Collecting Defender Vulnerability Data - a PowerShell Core Durable Function

M-21-31 represents the current expectation for Federal Government Agencies in the United States and Australia. It recognises the necessity of Security Operations moving to a Big Data framework for data collection and archive.

The amount of information that can be generated daily in an Enterprise environment with Microsoft Defender is enormous. So much so that Microsoft hasn't tried to provide ingestion paths into Microsoft Sentinel as the costs would be astronomic. However, this is a prefect use case for Azure Data Explorer (ADX) and demonstrating the use of Azure Durable Functions.

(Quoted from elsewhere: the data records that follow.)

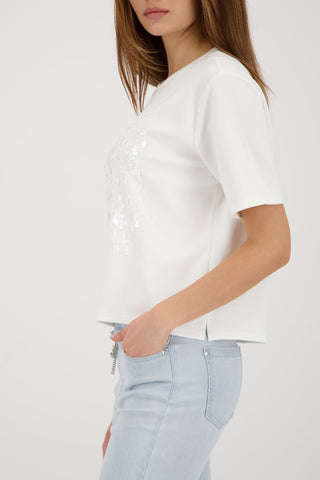 Monari Sequin Panel Top Ivory - MMJs Fashion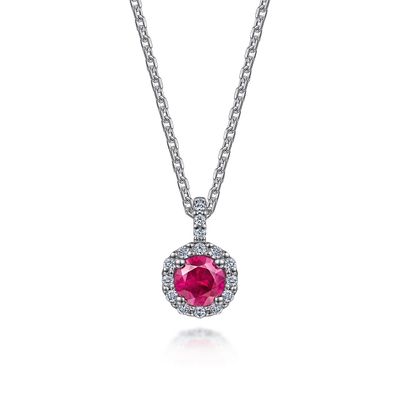 14KW 18" Ruby and Diamond Necklace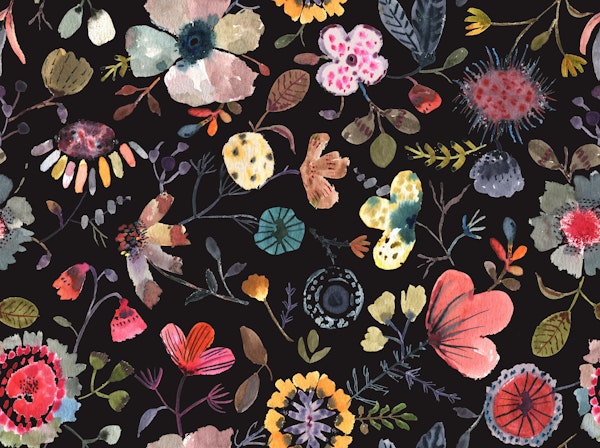 Modern Floral Pattern Black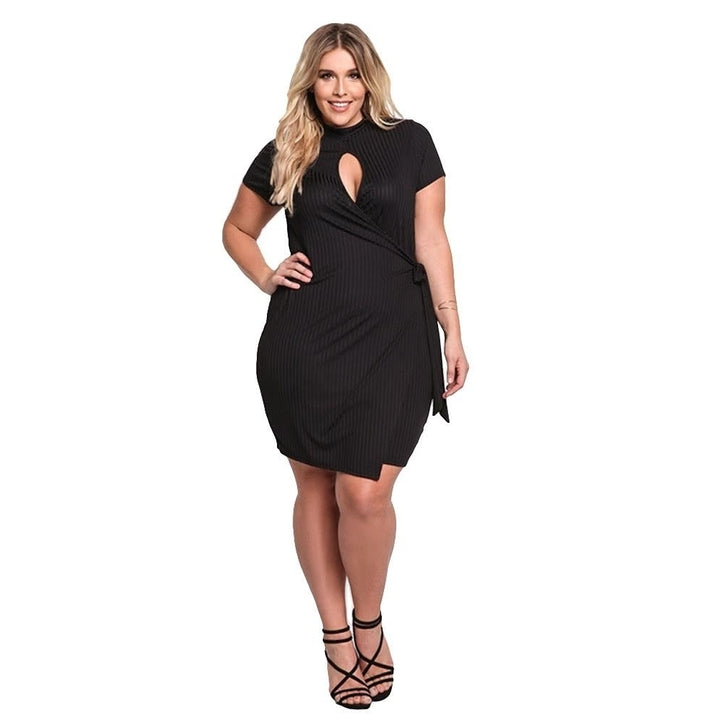 Sexy Women Mini Dress Cutout Front Asymmetric Short Sleeve Solid Slim Bodycon Plus Size Image 1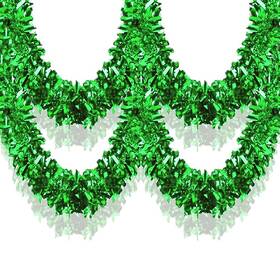 Fz-14 Wuhetyo 33ft Christmas Tinsel Garland Shiny Thick Green Decor Xmas Tree Decora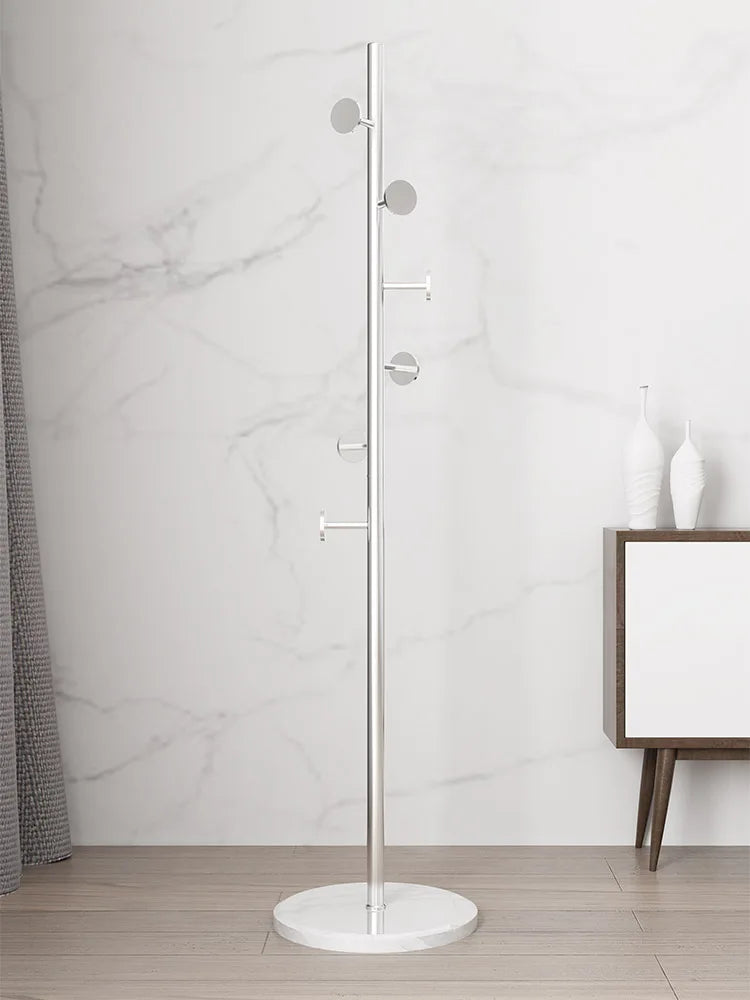 Stainless Steel Simple Modern Coat Rack, Nordic Light Luxury Hanger, Floor-Standing Bedroom Marble Hanger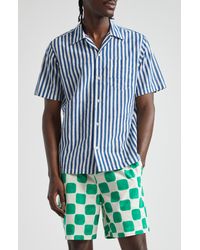 Drake's - Block Stripe Cotton Camp Shirt - Lyst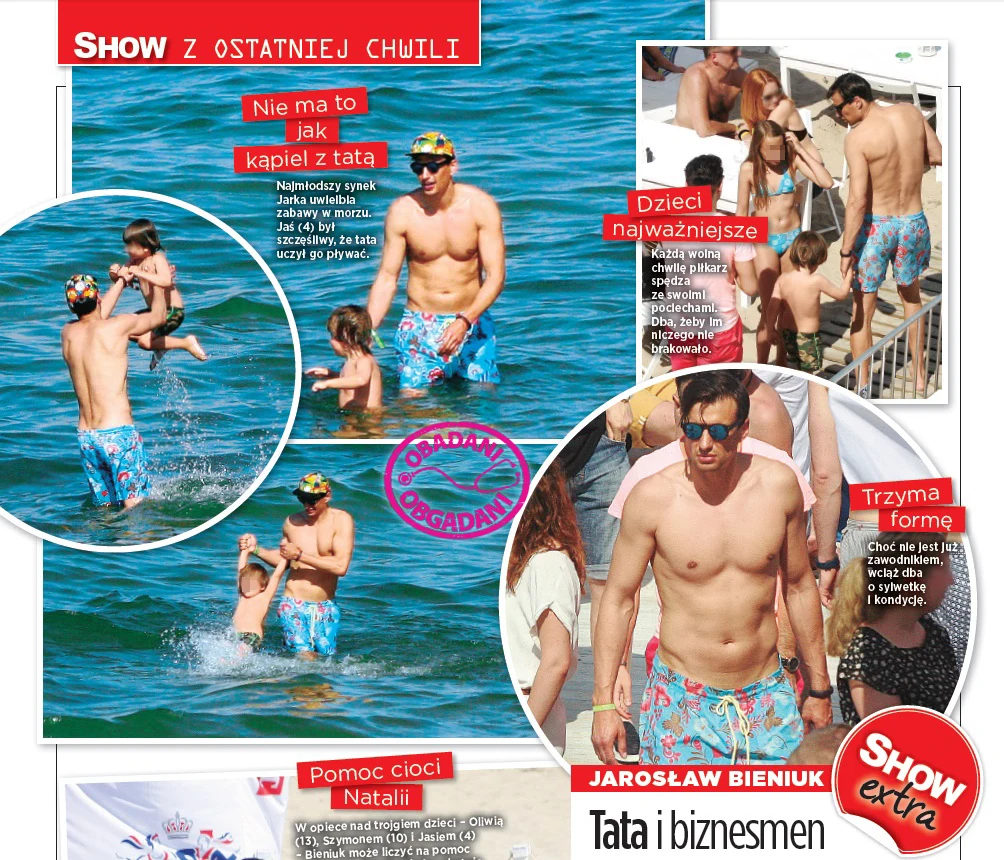 Jarosław Bieniuk z dziećmi nad morzem Jarosław Bieniuk z dziećmi nad morzem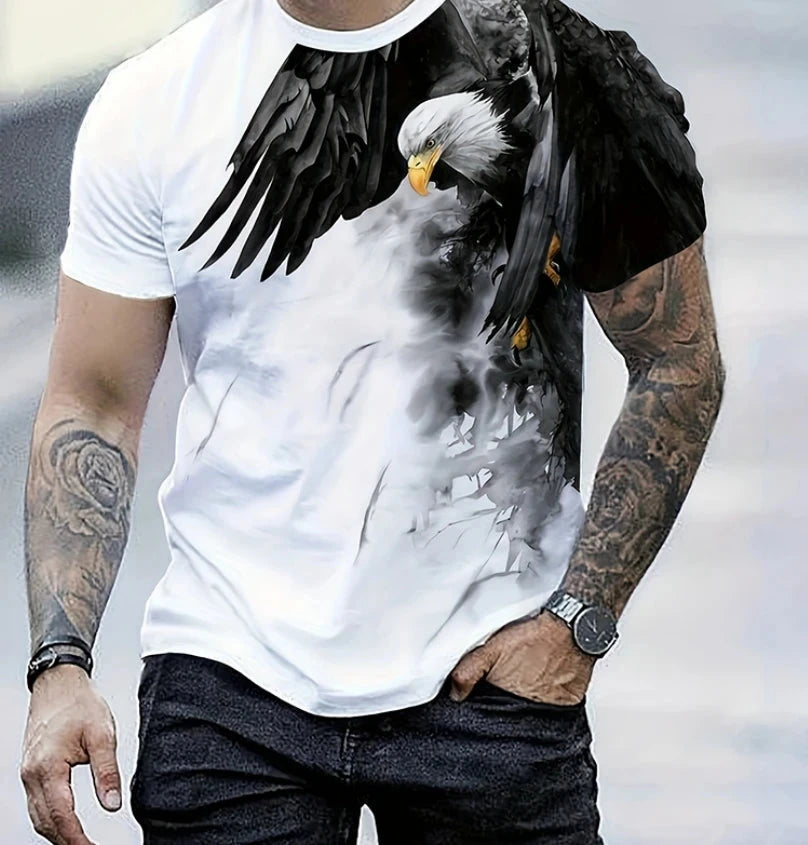 Men's Summer Fashion T-shirt Eagle 3D Printed Short sleeved T-shirt Summer Outdoor Leisure Quick drying Breathable T-shirt - AMULET RING STORE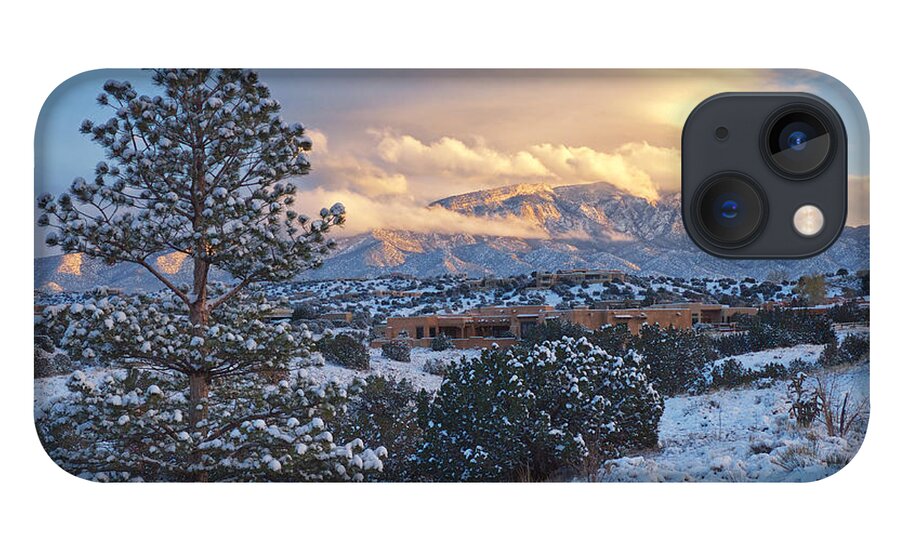 Landscapes iPhone 13 Case featuring the photograph Sandia Mountains with Snow at Sunset by Mary Lee Dereske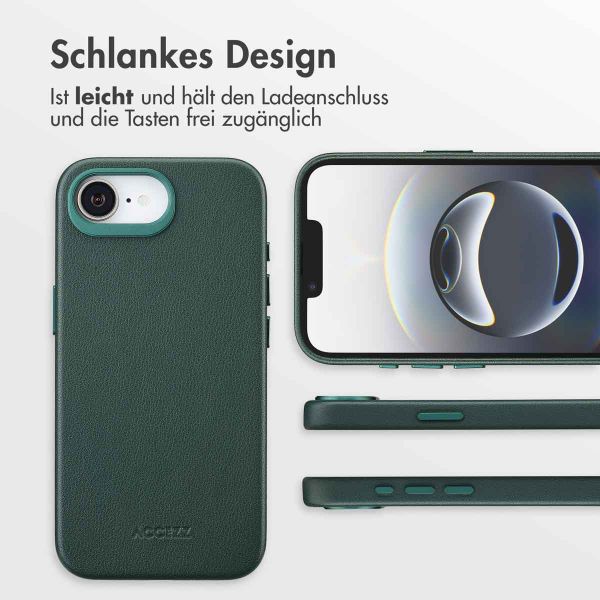 Accezz MagSafe Leather Backcover Apple iPhone 17e / 16e - Cedar Green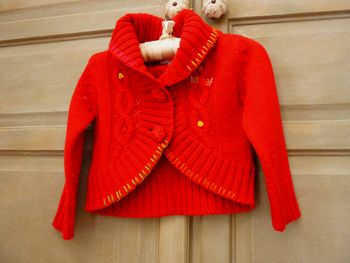 Gilet laine Fille Naf Naf 3 ans 36 mois rouge TBE col châle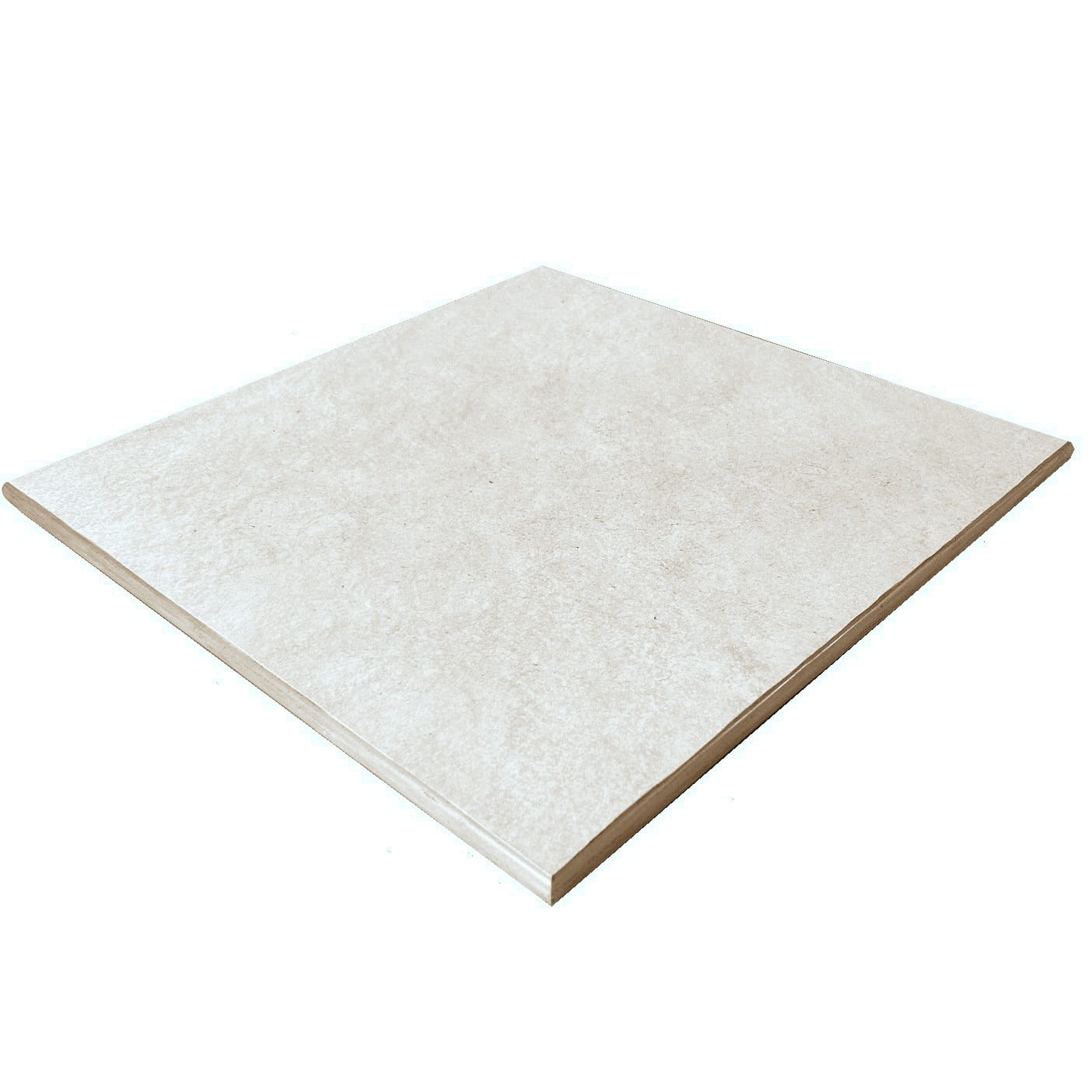 Castle Quartz White porcelain pier cap 20mm thick with smooth rounded edge and drip checks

This blog post follows the previous PowerShell Core - Durable Functions - A Security Engineer's Introduction post. It's intended for beginners to get exposure to PowerShell Core Durable Functions while providing a solution for large scale archiving of Security data.

Why use a Durable Function?

The rate limit for the Defender Vulnerability API is typically set at 50 calls per minute and 1500 calls per hour. It is not uncommon for environments to have thousands of machines receiving Defender telemetry data. Durable functions are ideal for very long running processes.

Architecture Overview

The content is an annotation of these Github Source Files.

All Function Apps must be considered from both the infrastructure layer (which deployes the actual application and properties seen in the Azure portal) and the code layer. This project places Bicep templates under the 'infrastructure' folder and PowerShell application code under the "Src" folder.

Let's start with the PowerShell function infrastructure.

Bicep Overview (Infrastructure)

I want to highlight a few elements from the main.bicep file of this project.

User Assigned Managed Identity

// Get existing managed identity resource
resource managedIdentity 'Microsoft.ManagedIdentity/userAssignedIdentities@2023-01-31' existing = {
  name: last(split(userAssignedIdentityResourceId, '/'))
}

Most of our Function Apps wll need to use a Managed Identity, either for accessing Key Vaults or for using permissions directly with Modern Auth for external systems (like the Defender APIs).

Whenever we assign roles or permissions to a managed identity it will take hours for the tokens on these identities to become active. Using dedicated Managed Identities that can be attached to by a number of different Functions is helpful. It also lets me preserve permissions if I need to completely destroy a webapp and reprovision it completely differently.

User Assigned Managed Identity Permissions...

Follow the documentation here on how to assign Defender permissions to your Managed Identity to be able to use the Defender APIs:

https://github.com/LaurieRhodes/PUBLIC-Get-Defender-Vulnerabilities/blob/main/docs/Identity.md

You will also need to give your Managed Identity Azure Event Hubs Data Sender permissions to your nominated Event Hub.

Hosting Plan

resource hostingPlan 'Microsoft.Web/serverfarms@2021-03-01' = {
  name: hostingPlanName
  location: location
  sku: {
    name: 'Y1'
    tier: 'Dynamic'
  }
  properties: {}
}

A Hosting Plan is dedicated compute to fun serverless apps from. As the collection of Function Apps grow, especially long running apps, using a centralised Hosting Plan will become unavoidable. Remember that Function Apps and Logic Apps can share the same Hosting Plan.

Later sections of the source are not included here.